Phase 2: Abstention Training with Reinforcement Learning (Experimental)
Warning: This is an experimental feature and is subject to significant changes. Its API and behavior are not yet stable.
Introduction
This document describes the Phase 2 training process for Linnaeus models, which focuses on augmenting a pre-trained "expert" classifier (from Phase 1) with the ability to abstain (predict "null") when faced with ambiguous or insufficient input. This is achieved by framing the hierarchical classification task as a sequential decision-making problem and leveraging Reinforcement Learning (RL).
The primary goal is to equip the classifier to "know when it doesn't know," enhancing reliability in scientific applications where acknowledging uncertainty is critical.
Theoretical Approach (RL Framework Summary)
The core idea is to treat the classification process, from coarser to finer taxonomic ranks, as an agent making a sequence of decisions.
- Sequential Decisions: At each taxonomic rank
L
(e.g., Family), the agent (our model) observes the input (image, metadata) and potentially its previous predictions at higher ranks. It then chooses an action:- Commit: Select a specific taxon
t_i
from the available taxa at rankL
. - Abstain: Predict "null" for rank
L
, typically terminating classification down this branch.
- Commit: Select a specific taxon
- RL Environment Components:
- States (S): Represented by input features, current rank, and prediction history.
- Actions (A):
Predict_Taxon_i
orAbstain_L
. - Transitions (P): Moving to the next rank upon commitment or terminating upon abstention.
- Rewards (R): Defined to encourage correct classifications and correct abstentions, while penalizing misclassifications and incorrect abstentions (either abstaining when a label was clear, or predicting when abstention was appropriate).
- Policy (π): The RL agent learns a policy
π(a|s)
that dictates the action to take in a given state. This is our Linnaeus model, fine-tuned with RL.

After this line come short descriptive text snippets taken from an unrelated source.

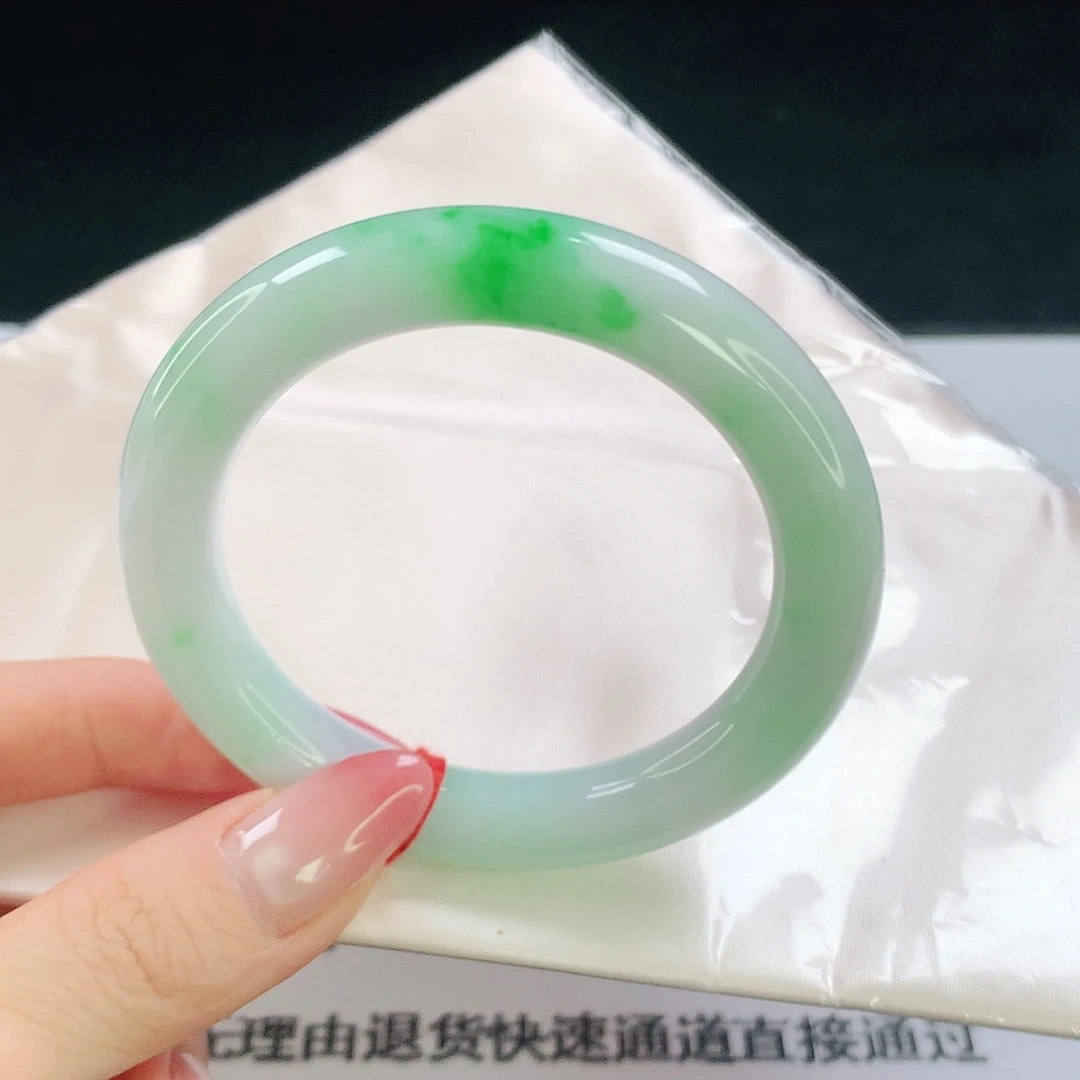 翡翠手镯未镶嵌123翡翠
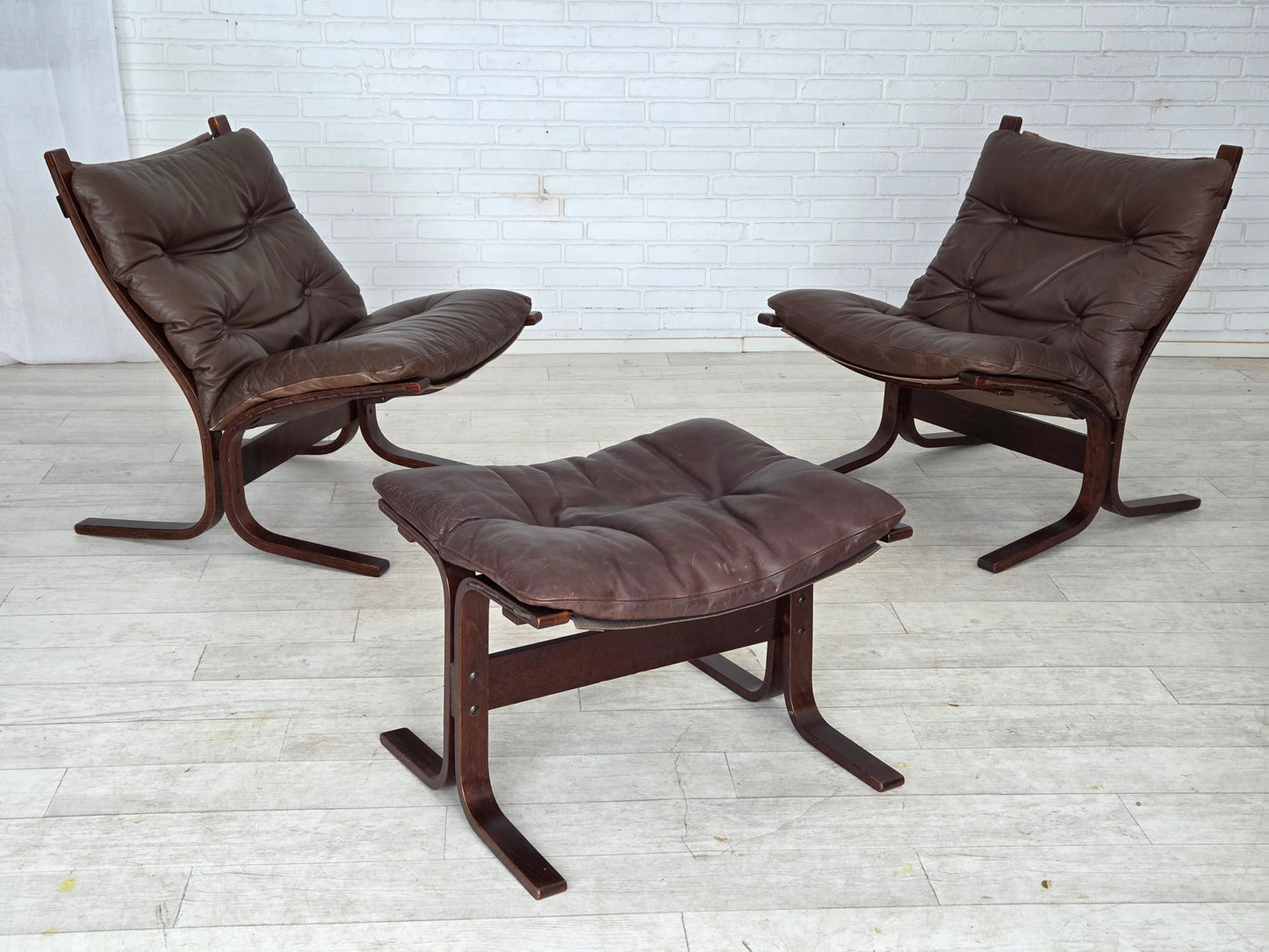 1970s, Norwegian design by Ingmar Relling, model "Siesta", set of 2 chairs with footstool.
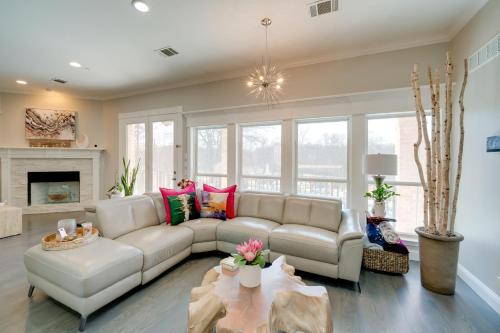 Near Joe Pool Lake! Luxe Getaway w/ Shared Pool in Cedar Hill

The objective is to learn a policy that maximizes the expected cumulative reward.
Implementation Overview
The RL-based abstention training is built upon the linnaeus.rl_env
module and driven by the linnaeus/rl_train_abstention.py
script.
linnaeus.rl_env
Module
This module provides the necessary components for the RL training loop:
TaxonomicClassificationEnv
: Agymnasium.Env
compatible environment.- Modes:
sequential
: The agent predicts one rank at a time. Abstention at a rank terminates the episode for that sample.multitask
: The agent predicts all ranks simultaneously in a single step.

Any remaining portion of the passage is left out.